Zuccotti (Holocaust Odysseys: The Jews of Saint-Martin-Vesubie and Their Flight through France and Italy, 2007, etc.) pursues the undercover work by a French priest in aiding the Jews in Marseille and then Rome elude capture and death by the Nazis during World War II.
While Père Marie-Benoît’s (1895–1990) activities have been widely celebrated since the war, the extent of his network was not well-documented, and his benevolent motivation toward the Jews was not explained. Born in western France, an isolated, Catholic agricultural area twice overrun by radical republicans in French history, leaving the inhabitants tending toward monarchist views, he early on empathized with the state of being a “persecuted minority within a hostile state” and was attracted to the simple lifestyle of the Franciscan friars.

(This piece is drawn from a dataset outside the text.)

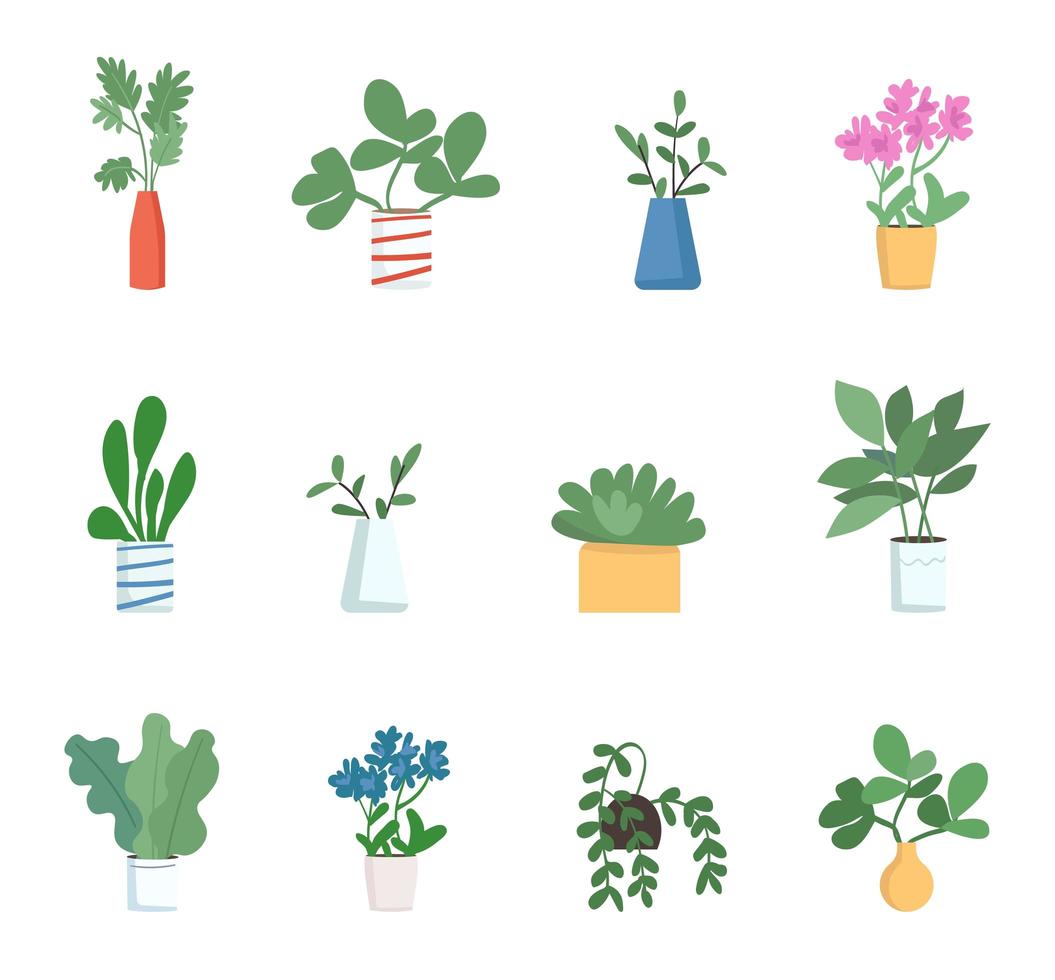 Houseplants objects set vector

After he served with distinction during World War I, his scholarly, reflective life was again interrupted by strife. Between May 1940 and June 1943, he lived and worked in the monastery of the Capuchins in Marseille, building a secret network, with associates Joseph Bass and Angelo Donati, to shelter the foreign Jews taking refuge in France. Transferred to Rome, perhaps because his work was growing too dangerous and visible, Marie-Benoît helped Jews secure documents and funds to elude roundup and deportation, earning the epithet “father of the Jews” by his protégés, as he called them. Also known as Padre Benedetto, he helped save the lives of at least 2,500 people, acting out of a true loathing for anti-Semitism. “Above all,” writes Zuccotti, “his wartime experience reveals much about the phenomenon of Jewish rescue during the Holocaust.”
A bright light within a dark, deeply distressing time in history.